La piste va vers l'Arava...
Passe Radian ! le jour te presse.
Passe El–Amar, passe en vitesse,
Vois sur la côte Eïlath ! Eïlath !
Vers le Sud ! Vers le Sud !
Vers le Sud ! A Eïlath...

Comme elle sonne, la tempête
Trottant, trottant vers l'infini
Du désert que le ciel arrête !
Et tes cheveux lèvent le vent !
Et ta jeep gaze sur le vent !
Vois sur la côte : Eïlath ! Eïlath !
Vers le Sud ! Vers le Sud !
Vers le Sud ! A Eïlath...

Maintenant, halte ! C'est ici !
Descends ! Couche–toi sur la terre !
Et rêve au mot qui fut écrit :
"Je l'ai juré, que cette terre
Je te la donnerai tout entière
De Dan au Rouge de la Mer !" (5)
Le jeune rabbin écoute, le menton sur la main, l'air rêveur : " Quand donc, soupire–t–il, irai–je en Israël ?"

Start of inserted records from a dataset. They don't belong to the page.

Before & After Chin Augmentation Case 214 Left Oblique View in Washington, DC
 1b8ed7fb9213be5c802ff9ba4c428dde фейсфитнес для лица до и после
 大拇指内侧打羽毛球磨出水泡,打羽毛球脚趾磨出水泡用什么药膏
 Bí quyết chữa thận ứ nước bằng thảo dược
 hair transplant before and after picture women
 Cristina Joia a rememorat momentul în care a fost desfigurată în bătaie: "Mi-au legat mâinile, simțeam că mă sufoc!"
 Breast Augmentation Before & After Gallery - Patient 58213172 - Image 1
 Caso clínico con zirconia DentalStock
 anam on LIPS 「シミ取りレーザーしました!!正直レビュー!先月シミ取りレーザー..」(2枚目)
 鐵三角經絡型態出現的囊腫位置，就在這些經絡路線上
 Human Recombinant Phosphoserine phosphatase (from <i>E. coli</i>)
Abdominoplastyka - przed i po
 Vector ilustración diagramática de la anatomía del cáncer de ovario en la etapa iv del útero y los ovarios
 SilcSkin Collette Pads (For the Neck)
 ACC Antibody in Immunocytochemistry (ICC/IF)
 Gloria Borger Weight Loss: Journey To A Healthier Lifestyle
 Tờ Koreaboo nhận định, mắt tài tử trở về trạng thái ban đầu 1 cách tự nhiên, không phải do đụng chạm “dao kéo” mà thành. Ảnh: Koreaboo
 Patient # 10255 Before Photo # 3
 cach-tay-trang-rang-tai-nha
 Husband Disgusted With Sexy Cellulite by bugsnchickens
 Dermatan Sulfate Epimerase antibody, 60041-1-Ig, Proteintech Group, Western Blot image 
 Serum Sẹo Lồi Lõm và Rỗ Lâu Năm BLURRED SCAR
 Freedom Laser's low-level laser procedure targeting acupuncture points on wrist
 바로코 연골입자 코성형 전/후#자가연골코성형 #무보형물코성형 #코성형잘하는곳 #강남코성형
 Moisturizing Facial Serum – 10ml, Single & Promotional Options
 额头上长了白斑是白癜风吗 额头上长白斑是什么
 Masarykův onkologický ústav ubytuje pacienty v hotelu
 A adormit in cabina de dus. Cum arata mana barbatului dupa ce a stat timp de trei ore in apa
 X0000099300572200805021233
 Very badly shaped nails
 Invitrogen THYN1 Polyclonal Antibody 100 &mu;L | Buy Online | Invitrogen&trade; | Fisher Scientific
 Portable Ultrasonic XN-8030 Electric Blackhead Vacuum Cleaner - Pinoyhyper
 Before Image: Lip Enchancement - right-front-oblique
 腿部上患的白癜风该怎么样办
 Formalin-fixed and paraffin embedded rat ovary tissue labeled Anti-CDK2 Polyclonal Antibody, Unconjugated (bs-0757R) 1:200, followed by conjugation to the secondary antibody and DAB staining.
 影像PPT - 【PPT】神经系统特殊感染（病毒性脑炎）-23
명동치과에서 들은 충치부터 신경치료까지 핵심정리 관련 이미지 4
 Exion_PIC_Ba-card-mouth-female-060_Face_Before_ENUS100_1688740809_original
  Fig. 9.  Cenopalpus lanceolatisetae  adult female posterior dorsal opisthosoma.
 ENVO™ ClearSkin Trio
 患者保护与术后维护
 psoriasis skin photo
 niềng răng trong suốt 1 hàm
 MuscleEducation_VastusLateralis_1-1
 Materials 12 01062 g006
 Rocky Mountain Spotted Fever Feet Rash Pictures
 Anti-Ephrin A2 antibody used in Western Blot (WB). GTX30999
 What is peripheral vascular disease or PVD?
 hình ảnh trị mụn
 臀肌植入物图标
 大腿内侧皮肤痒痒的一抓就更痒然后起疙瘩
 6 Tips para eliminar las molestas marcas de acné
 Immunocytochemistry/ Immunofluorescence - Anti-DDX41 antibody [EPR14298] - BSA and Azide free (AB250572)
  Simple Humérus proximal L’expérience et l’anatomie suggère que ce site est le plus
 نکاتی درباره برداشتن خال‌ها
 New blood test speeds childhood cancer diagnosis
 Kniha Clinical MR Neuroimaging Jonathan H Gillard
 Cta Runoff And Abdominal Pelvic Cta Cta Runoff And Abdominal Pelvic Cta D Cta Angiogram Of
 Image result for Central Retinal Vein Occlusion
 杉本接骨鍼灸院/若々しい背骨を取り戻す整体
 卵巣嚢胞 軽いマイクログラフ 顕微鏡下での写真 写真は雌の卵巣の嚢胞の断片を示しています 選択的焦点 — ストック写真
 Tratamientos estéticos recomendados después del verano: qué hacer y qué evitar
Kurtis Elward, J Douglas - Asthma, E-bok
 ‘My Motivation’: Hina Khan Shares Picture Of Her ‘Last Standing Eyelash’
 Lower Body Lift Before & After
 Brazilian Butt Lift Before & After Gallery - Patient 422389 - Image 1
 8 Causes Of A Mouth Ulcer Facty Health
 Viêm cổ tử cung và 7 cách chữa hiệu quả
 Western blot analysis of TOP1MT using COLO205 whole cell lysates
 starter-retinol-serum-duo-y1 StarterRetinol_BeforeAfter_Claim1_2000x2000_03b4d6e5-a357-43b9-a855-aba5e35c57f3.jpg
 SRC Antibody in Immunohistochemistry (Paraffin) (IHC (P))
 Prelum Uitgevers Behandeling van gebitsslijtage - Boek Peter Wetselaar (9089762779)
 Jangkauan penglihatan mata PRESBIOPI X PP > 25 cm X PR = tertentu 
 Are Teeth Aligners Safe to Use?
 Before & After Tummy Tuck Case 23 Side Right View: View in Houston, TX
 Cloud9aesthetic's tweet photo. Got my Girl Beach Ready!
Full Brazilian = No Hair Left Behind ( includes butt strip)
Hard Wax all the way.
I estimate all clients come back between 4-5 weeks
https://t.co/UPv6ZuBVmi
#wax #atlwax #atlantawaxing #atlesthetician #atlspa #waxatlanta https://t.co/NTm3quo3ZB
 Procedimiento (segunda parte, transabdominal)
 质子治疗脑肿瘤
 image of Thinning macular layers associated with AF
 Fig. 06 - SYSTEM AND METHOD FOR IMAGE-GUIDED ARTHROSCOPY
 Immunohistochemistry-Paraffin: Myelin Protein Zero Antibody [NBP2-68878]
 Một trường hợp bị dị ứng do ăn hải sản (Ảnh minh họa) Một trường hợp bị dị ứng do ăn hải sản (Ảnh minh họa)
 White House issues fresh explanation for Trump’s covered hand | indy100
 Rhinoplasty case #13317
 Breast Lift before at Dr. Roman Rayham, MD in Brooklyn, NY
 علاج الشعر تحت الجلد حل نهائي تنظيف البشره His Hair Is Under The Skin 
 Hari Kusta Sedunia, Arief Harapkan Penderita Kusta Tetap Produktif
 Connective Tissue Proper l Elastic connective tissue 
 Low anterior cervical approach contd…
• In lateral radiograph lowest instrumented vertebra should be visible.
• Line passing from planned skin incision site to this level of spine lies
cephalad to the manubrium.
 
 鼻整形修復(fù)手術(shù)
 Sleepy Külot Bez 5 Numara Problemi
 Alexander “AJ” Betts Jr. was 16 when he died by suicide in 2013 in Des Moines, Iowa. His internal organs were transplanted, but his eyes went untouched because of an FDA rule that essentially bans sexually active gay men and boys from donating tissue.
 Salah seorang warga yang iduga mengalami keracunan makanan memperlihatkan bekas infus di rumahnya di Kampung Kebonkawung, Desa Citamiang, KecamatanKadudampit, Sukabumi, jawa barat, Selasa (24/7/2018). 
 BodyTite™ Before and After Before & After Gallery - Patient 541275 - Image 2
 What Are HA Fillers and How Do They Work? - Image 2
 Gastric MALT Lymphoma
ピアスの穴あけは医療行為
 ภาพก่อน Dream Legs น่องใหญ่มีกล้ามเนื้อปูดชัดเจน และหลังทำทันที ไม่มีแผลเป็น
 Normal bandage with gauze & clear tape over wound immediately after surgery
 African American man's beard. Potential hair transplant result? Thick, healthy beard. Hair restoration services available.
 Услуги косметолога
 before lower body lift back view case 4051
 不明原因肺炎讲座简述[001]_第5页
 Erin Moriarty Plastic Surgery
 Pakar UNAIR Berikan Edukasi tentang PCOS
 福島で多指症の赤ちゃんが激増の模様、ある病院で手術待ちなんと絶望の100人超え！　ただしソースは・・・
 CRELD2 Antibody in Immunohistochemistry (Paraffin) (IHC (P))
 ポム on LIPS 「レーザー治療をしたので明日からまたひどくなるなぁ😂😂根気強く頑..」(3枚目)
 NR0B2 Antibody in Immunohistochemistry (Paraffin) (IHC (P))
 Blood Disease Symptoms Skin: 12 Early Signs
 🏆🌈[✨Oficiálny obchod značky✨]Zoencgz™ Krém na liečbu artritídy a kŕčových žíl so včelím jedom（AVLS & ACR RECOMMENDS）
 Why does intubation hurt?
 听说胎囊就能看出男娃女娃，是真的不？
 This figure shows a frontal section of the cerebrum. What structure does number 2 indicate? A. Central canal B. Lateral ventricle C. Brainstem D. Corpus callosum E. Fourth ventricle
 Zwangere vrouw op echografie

A travers les champs de houblon et les vignobles qui se dorent au soleil, je prends, par Colmar et Mulhouse, le chemin du Midi. Un seul crochet, la vallée de Munster. Je salue la maison natale d'Albert Schweitzer, à Gunsbach, où son père était pasteur ; je visite le camp de vacances israélite Les Cigognes, où m'accueille le rabbin Schirat (6), aumônier de la jeunesse à Paris ; et sur la montagne, je confie ma route à Notre-Dame des Trois épis.

Notes :

  1. Jean Toulat, (1915–1994), est un prêtre catholique, écrivain et essayiste français, pacifiste, militant très actif de la non–violence (N.d.l.r.)
  2. Psaume 126. C'est l'une des prières bibliques qui faisaient dire à Lamartine : " Lisez de l' Horace ou du Pindare après un Psaume : pour moi, je ne le peux pas".
  3. Luc, XIX.
  4. Plus qu'une coïncidence, peut–être. Des premiers chrétiens, venus du judaïsme, continuaient sans doute à commémorer la catastrophe. L'Église leur en aura procuré l'occasion en choisissant, pour le dimanche le plus proche du 9 ab, le texte de saint Luc.
  5. Haïm Heffer, Le chansonnier du Palmach, paraphrase de E, Fleg.
  6. Il s'agit en fait du rabbin Sirat qui deviendra le grand rabbin de France (N.d.l.r.)